I get the train to work most mornings on the way to my supposedly paperless office. But I now travel largely on a paperless train. Newspapers and books seem a remnant from the Dark Ages of the twentieth century. Nowadays we are glued to our electronic devices, shuffling through the day with our eyes down; trapped in the soul sapping universe of social media. The modern idol that we all bow down and worship at some stage of the day.
I have struggled with social media for many years. I had a major Twitter addiction (10,000 followers can’t be wrong) which evolved into a major Instagram addiction. I became obsessed with followers and likes. Retweets were my lifeblood. I began to care more about the opinions of online strangers as opposed to my family and friends. The people who mattered.
I began to delve into the murky world of private messaging. I won’t go into the details because they are not important. What mattered were the consequences. As a result of my online activities I lost most of my ‘real life’ friends and almost lost my family and sanity. It scarred me and broke me. Which maybe is what God wanted.
Six months on from my own online meltdown I’m trying to rebuild. Trust is a hard earned value. You can lose it in the blink of an eye what took decades to build. I struggle with real life now. I feel safe at home with Fionnuala and the kids (even in a home without chargers). I go to work and am grateful for having an interesting and rewarding job.
But I struggle outside of these two environments. I have hurt a lot of people and been hurt by others. I don’t attend church or my running group anymore. As such I have lost a lot of friends, some really good ones and some not so good. I don’t trust people in general anymore. Most of all I don’t trust myself. Or particularly like myself a lot of the time.
I cling onto Fionnuala and the kids as they are my life now and are all I have and need. I’m trying to develop my love of writing in this safer, online community and I’ve been touched by the encouraging support I have received from people on here these last two months.
And just like my online connection was on its last legs earlier today so I have often thought that of my heavenly connection with God as well. I have been angry with him. I have been impatient with him. I want him to use me to glorify him but I have no idea when or how he will. I believe in him but struggle to believe in myself. I need him more than ever yet my prayer and study life are so erratic.

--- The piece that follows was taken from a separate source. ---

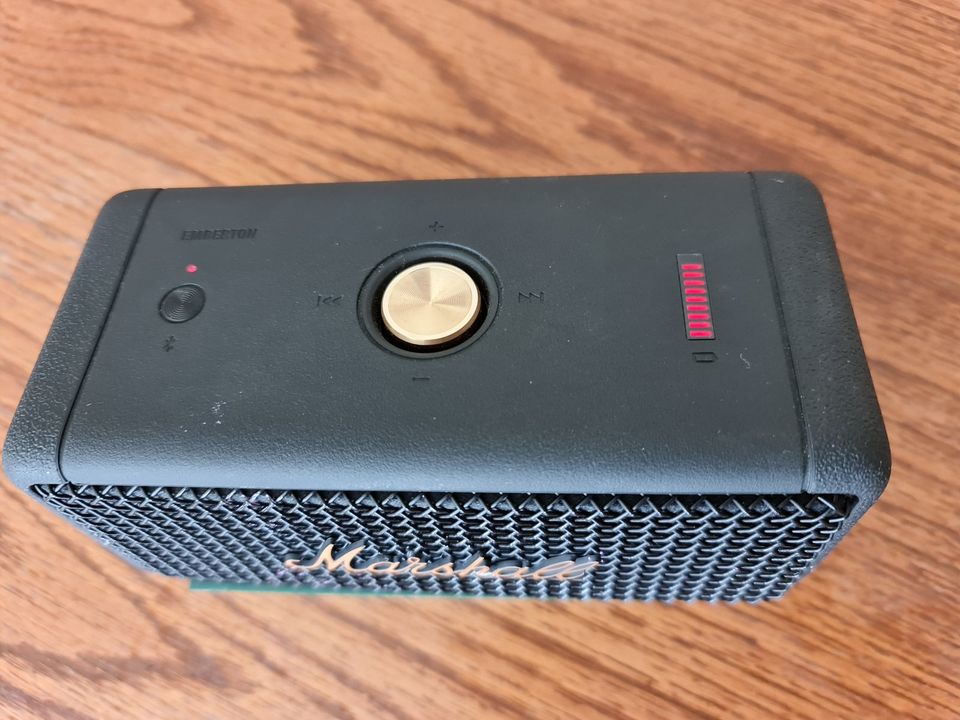 Marshall Emberton Bluetooth Box Soundbox in Pausa/Vogtland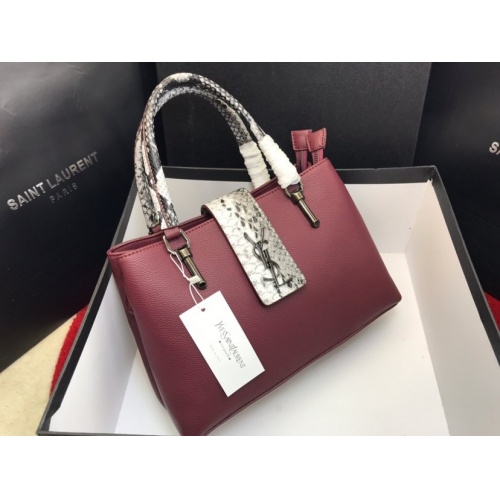 Yves Saint Laurent YSL AAA Quality Handbags #563016 $83.00 USD, Wholesale Replica Yves Saint Laurent AAA Handbags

I need to connect with him. I need to trust him and hand everything over to him. Everything. The negative thinking, the addictive behaviour, the destructive cycles. I give up Lord. You are in control. Connect me.
Proverbs 3:5-6 ‘Trust in the Lord with all your heart and lean not on your own understanding. In all your ways submit to him, and he will make your paths straight.’
Do you struggle with social media? How does it impact upon your life?
Does blogging help you with depression and anxiety?
What is your favourite disaster movie?